-
Notifications
You must be signed in to change notification settings - Fork 1.3k
Description
Bug Report
UPDATE: Skip to #4428 (comment)
As the title states. I run dvc repro extract for my extract pipeline stage. This takes two pretty large zip files and extracts them into specified folders. These folders should not be added to the dvc cache, since they can be easily reproduced by extracting the archives, but I declare them as dependencies so that the DAG looks nicer.

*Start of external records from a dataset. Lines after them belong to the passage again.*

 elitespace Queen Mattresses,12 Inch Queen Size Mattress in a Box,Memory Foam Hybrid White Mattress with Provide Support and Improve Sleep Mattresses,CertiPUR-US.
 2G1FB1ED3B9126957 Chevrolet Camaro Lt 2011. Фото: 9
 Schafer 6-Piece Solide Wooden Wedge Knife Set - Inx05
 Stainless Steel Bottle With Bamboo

My dvc.yaml looks like this. The preprocess stage should only indicate, that the not cached folders should be used as dependencies in later stages.
stages:
extract:
cmd: tar -xzvf data/thingy10k/10k_tetmesh.tar.gz -C data/thingy10k/ && tar -xzvf data/thingy10k/10k_surface.tar.gz -C data/thingy10k/
deps:
- data/thingy10k/10k_surface.tar.gz
- data/thingy10k/10k_tetmesh.tar.gz
outs:
- data/thingy10k/10k_surface:
cache: false
- data/thingy10k/10k_tetmesh:
cache: false
preprocess:
cmd: some preprocessing command
deps:
- data/thingy10k/10k_tetmesh
- data/thingy10k/10k_surfaceAfter running dvc repro extract, the hashes of all the files are computed and then the files saved to cache. This is exactly the thing that I was trying to prevent with the cache: false option.

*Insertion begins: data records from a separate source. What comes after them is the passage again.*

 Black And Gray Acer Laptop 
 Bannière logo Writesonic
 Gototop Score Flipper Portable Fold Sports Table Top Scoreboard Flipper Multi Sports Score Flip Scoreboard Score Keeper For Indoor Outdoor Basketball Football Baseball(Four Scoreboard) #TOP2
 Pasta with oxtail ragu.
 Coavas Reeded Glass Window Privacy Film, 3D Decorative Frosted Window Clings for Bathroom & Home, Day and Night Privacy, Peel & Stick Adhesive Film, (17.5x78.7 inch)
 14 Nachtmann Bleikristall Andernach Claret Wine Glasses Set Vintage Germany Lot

I confirmed that the contents of the output folders were indeed added to the cache by using du -sh .dvc/cache, which went up by exactly the size of the two folders after running the command.
Interestingly, after running dvc gc -a the cache is freed again. Also running dvc push (without first running dvc gc -a) to push the cache to my remote storage also says everything is up to date, which leads me to believe that dvc recognizes that these directories should in fact not be cached.
I have reproduced this in a local git and dvc repo by first adding the two archives using dvc add and then running the above mentioned extract stage. The archives can be downloaded from this repo https://github.com/Yixin-Hu/TetWild#dataset under Output.
Please provide information about your setup
Output of dvc version:
$ dvc version
DVC version: 1.6.0 (pip)
---------------------------------
Platform: Python 3.7.6 on Linux-5.4.0-42-generic-x86_64-with-debian-bullseye-sid
Supports: http, https, ssh, webdav, webdavs
Cache types: hardlink, symlink
Repo: dvc, gitAdditional Information (if any):
If applicable, please also provide a --verbose output of the command, eg: dvc add --verbose.